The Relation "Is Less Than" ($<$ ) Is Anti-Symmetric on $\mathbb{Z}$?

Question

I would like someone to review my understand of why the relation "is less than" ($<$ ) is anti-symmetric on $\mathbb{Z}$. My reasoning is as follows:

Anti-Symmetry says that, if $(a,b) \in R$ and $(b, a) \in R$, then $a = b$.

In this case, we cannot have $a < b$ and $b < a$, so we cannot even get to the point where a violation of the condition of anti-symmetry is possible. And so, by default, the relation is anti-symmetric, despite the fact that it contains no elements $(a,b) \in R$ and $(b, a) \in R$ such that $a = b$.

I would appreciate it if people could please take the time to review my reasoning.

Answer 1

You have the defnition of "antisymmetric" wrong.

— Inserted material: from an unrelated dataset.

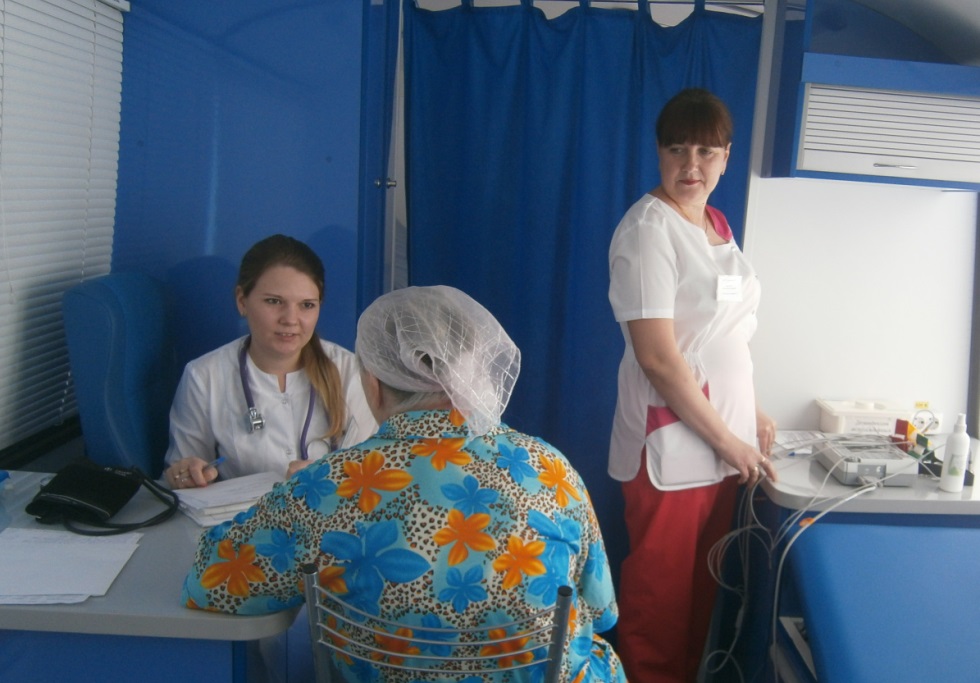 Врачам пензенской области дадут государственное жилье до конца года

It's not speaking of whether $(a,b)$ and $(b,a)$ are in $\mathbb Z\times\mathbb Z$, but whether they are in the relation that you're asking whether is antisymmetric. In this case that is the less-than relation.

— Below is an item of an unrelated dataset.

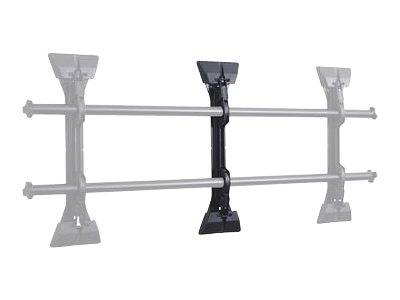 Chief Fusion FCA115 - Montagekomponente (Wandplatte, 2 Wandplattenabdeckungen)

That being said, you're right that $(<)$ is vacuously antisymmetric, for the reason you give in: There's nothing to contradict it, and a "for all" property is true whenever there's no counterexample.

Answer 2

Your argument applies to any strict inequality, and yes they're vacuously antisymmetric. You can prove we can never have $a<b$ and $b<a$ using transitivity and irreflexivity.

Answer 3

Because if you have $p\to q$ and $p$ is wrong then the first proposition is correct. That's exactly your situation since there's no $x$ and $y$ which give $x<y \land y<x$, exactly as you said.